Enfin, l'expert a exprimé le coût des travaux hors taxe (HT) et l'intimée propose subsidiairement une indemnisation hors taxe mais il résulte du montant des demandes formulées sur la base de factures établies toutes taxes comprises que l'appelant formule ses demandes d'indemnisation toutes taxes comprises (TTC).
Il lui appartient cependant de justifier pour prospérer en sa demande de prise en charge des travaux toutes taxes comprises qu'il n'est pas assujetti à la taxe sur la valeur ajoutée pour son activité et qu'il ne peut récupérer celle qu'il aurait payée en amont, en sorte qu'il sera alloué à l'Etablissement Public [Localité 8] Métropole une indemnisation hors taxe (HT).

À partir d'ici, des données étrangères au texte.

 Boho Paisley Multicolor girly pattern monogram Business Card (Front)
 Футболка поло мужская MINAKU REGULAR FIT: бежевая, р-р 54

Les parties succombant respectivement en leurs demandes, supporteront les dépens par elles exposés tant en première instance qu'en appel ainsi que ceux afférents aux instances devant les cours d'appels dont les arrêts ont été cassés et de référé, étant condamnées chacune pour moitié aux frais d'expertise judiciaire, sans qu'il soit fait application en conséquence des dispositions de l'article 699 du code de procédure civile au profit des avocats de la cause.
Pour les mêmes motifs, l'équité justifie qu'il ne soit pas fait application des dispositions de l'article 700 du code de procédure civile au profit de l'une quelconque des parties au litige.
PAR CES MOTIFS
La Cour :
Statuant dans les limites de sa saisine :
Infirme le jugement entrepris des chefs déférés,
Statuant à nouveau du chef réformé et y ajoutant :
Dit qu'une installation classée soumise à autorisation a été exploitée sur les parcelles AZ [Cadastre 6], AZ [Cadastre 5] et AZ [Cadastre 2] situées [Adresse 10], vendues les 27 et 29 novembre 2012 par la Sarl Etablissements [K][Y] et Compagnie à la Communauté Urbaine de [Localité 8] aux droits de laquelle vient l'Etablissement Public [Localité 8] Métropole,
Condamne la Sarl Etablissements [K][Y] et Compagnie à payer à l'Etablissement Public [Localité 8] Métropole la somme de 155 000 euros HT correspondant aux frais de remise en état du site,
Rejette les demandes respectives des parties sur le fondement des dispositions de l'article 700 du code de procédure civile,
Dit que les frais d'expertise judiciaire sont partagés par moitié entre les parties,
Dit que les parties conservent la charge de leurs propres dépens de première instance et d'appel ainsi que ceux afférents aux instances devant les cours d'appel dont les arrêts ont été cassés et de référé, sans qu'il y ait lieu de faire application des dispositions de l'article 699 du code de procédure civile.
Le présent arrêt a été signé par Véronique LEBRETON, première présidente de chambre, et par Séverine ROMA, greffier, à laquelle la minute de la décision a été remise par le magistrat signataire.